Take the entries that follow and return exactly the lines from the one holding "婚纱照片上的文案：如何撰写吸引人的配文素材与经典婚纱照文案范例" through the one holding "设计广告宣传册价格一般是多少", both included. Nothing else is needed.
### Records provided ###
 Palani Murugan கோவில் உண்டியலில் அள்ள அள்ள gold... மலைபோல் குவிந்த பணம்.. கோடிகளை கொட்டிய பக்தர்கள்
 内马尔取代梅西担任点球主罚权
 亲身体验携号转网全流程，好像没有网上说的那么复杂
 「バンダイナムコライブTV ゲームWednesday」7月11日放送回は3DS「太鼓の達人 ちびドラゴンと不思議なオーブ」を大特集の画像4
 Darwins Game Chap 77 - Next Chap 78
###
### Records provided ###
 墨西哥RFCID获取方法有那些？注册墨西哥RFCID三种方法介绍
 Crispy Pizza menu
###
### Records provided ###
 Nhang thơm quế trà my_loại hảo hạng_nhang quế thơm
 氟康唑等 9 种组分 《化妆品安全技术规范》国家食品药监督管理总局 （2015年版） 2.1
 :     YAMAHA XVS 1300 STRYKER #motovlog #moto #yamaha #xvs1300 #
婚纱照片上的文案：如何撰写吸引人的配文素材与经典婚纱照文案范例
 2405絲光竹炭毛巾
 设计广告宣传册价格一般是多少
###
Exercise output
婚纱照片上的文案：如何撰写吸引人的配文素材与经典婚纱照文案范例
 2405絲光竹炭毛巾
 设计广告宣传册价格一般是多少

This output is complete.